## RECORDS SUPPLIED

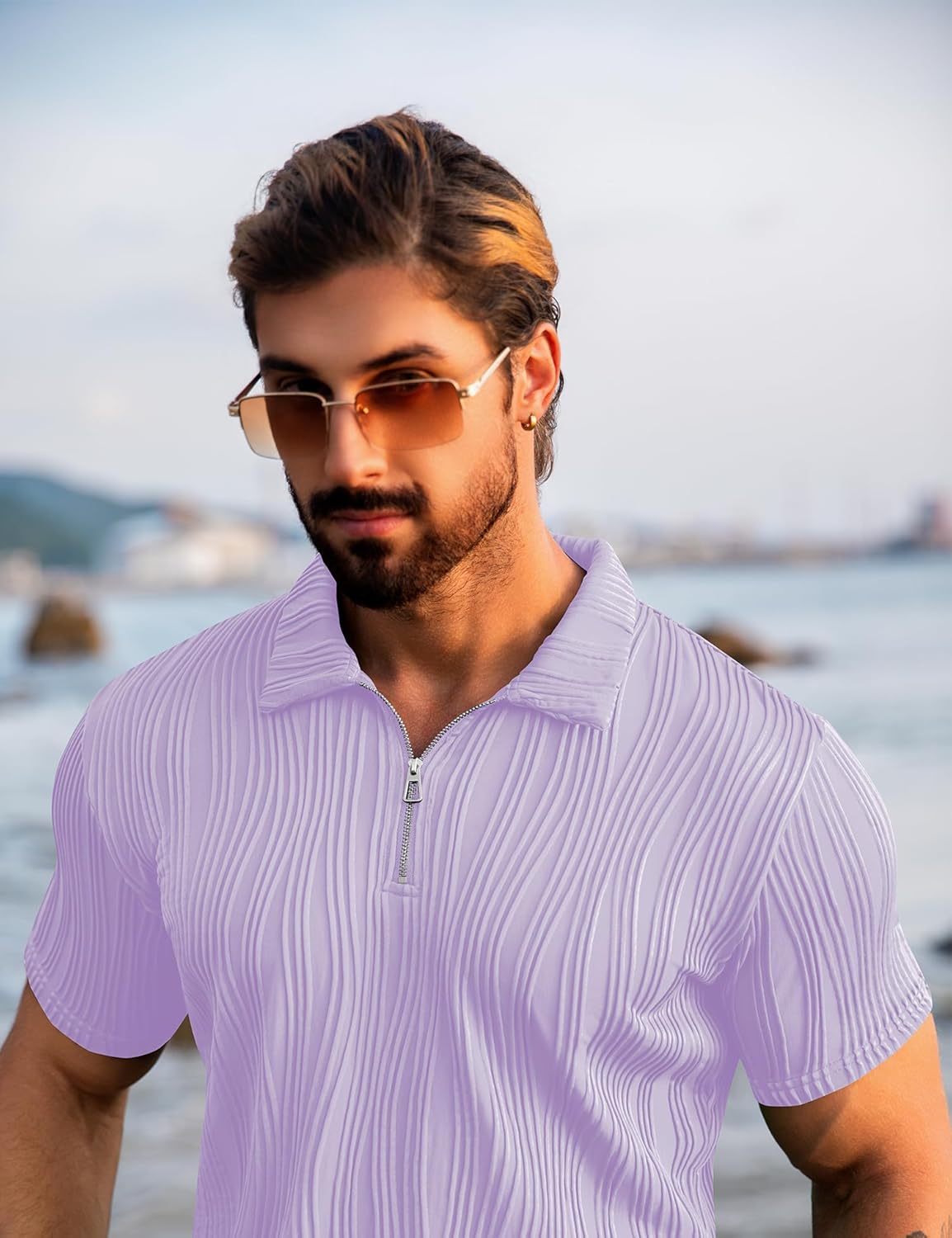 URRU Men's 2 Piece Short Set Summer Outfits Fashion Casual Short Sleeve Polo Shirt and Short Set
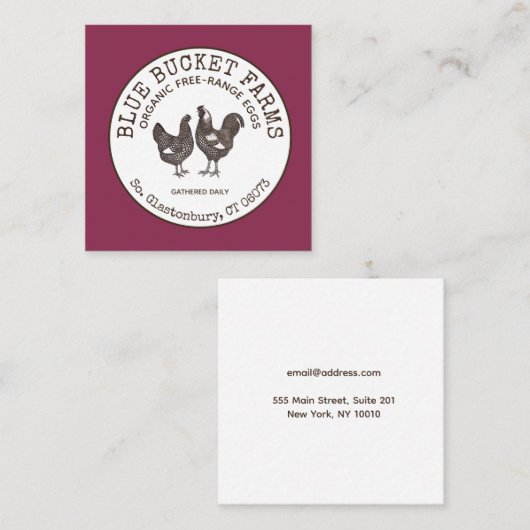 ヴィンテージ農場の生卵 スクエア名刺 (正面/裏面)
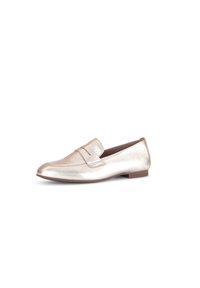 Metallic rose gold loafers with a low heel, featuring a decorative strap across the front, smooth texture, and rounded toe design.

* * *

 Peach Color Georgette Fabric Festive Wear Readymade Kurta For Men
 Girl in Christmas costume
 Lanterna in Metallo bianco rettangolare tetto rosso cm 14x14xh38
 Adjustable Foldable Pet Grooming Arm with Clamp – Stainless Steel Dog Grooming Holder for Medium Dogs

---

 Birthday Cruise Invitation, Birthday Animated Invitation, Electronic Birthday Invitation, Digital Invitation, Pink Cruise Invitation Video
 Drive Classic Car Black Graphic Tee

## PROBLEM TO SOLVE
Return only the stretch above from the line containing "URRU Men's 2" through the line containing "Metallic rose gold", word for word and without pictures.

## ANSWER FOR THIS EXERCISE
 URRU Men's 2 Piece Short Set Summer Outfits Fashion Casual Short Sleeve Polo Shirt and Short Set
 ヴィンテージ農場の生卵 スクエア名刺 (正面/裏面)
 Metallic rose gold loafers with a low heel, featuring a decorative strap across the front, smooth texture, and rounded toe design.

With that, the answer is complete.